Posted by Nate in Soccer.
Friday, October 6th, 2006 at 8:05 am


Early in last night’s soccer game I had a good break on the right wing and was coming in towards the goal.  There was a teammate in the center ready for a pass, but the goaltender came out and I thought I could poke it past him into the goal.  I reached out with my right foot and sure enough got it past him, on-net, but not as hard as I wanted.

… I never got to see what happened, but I’m told it didn’t go in – their defender got there in time.  The goaltender fell/dove for the ball as I was kicking it and landed hard just below my kneecap.  I could feel the whole works buckle backwards, hyperextending pretty badly.  Ow.  Really, really, ow.

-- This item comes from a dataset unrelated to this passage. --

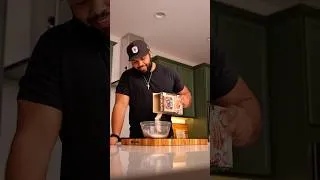 Thumbnail: Griddle cake breakfast meal prep! Using @kodiakcakes Buttermilk Pancake Mix! 🐻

I didn’t feel any specific "pop", just a general scrunchy stretch like when you roll your ankle hard, and even this morning it’s not visibly swollen.  I’m sure there is internal swelling since I can’t quite extend or bend it fully, but at rest with a brace on it’s not really hurting.  Very hard to walk, though, since my range is so limited.  Wah.  I’m going to give it a day or two and see how things go before I think about going to a doctor – the fact that I can put weight on it and lack of swelling makes me think it’s just a bad sprain and probably nothing tore.  We’ll see.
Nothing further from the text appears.